People pay big bucks for new things- new cars, new houses, new faces and new spouses.  It seems the appreciation for things that show their age has declined.  In one instance we were looking to give materials an old world look.

Mennonite Central Committee’s training center was a unique experience.  Everyone on the design and building team had to be trained to “get it”.  Team members were sent to Egypt and India in order to give them an appreciation for the lifestyle of missionaries as well as the landscape in which the people we were designing for were to be immersed.  As a result of this trip, we spent a lot of time trying of figure out how to make something look old or weathered, or even cheap.

This had many incarnations, such as applying paint to the walls with rags to give them a modeled appearance, experimenting with stained concrete floors, and having a local metal worker make some of the door hardware.

One activity really stuck out in my mind and it was the brilliant idea of the superintendent on site, Dave.  We used a lot of reclaimed lumber on the job for everything from doors to stair treads.  The thing about reclaimed lumber is that is has a surface patina that takes decade of dirt and oxidation to create.  The trick is how you deal with the cut edges because they look like freshly sawn lumber – a stark contrast to the look we were going for.
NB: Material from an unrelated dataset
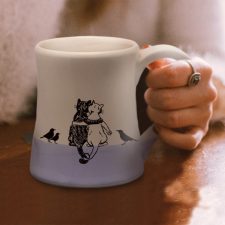 Handmade coffee mug with a drawing of a black cat, a white cat and a few blackbirds quietly enjoying each other's company. Lavender accent color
Somehow Dave knew how to deal with this.  Even though he had not gone on the trip to the two Continents and didn’t see any of the presentations the design team made to the Owner’s Board, Dave always “got it”.  He took it upon himself to treat the cut ends of the reclaimed lumber with a blow torch.  With just the right amount of acetylene and artistic flair, one can burn a patina into freshly cut wood.  Even if you were looking for it, it was difficult to see which ends were cut last week, and which had been cut last century.

Dave had done his part in contributing to the overall aesthetic (he contributed in many other ways, too), by pulling a non-tradition trick out of his bag.  I don’t know if I will ever have the opportunity to practice “blow torch architecture” in the future, but believe me, I am ready.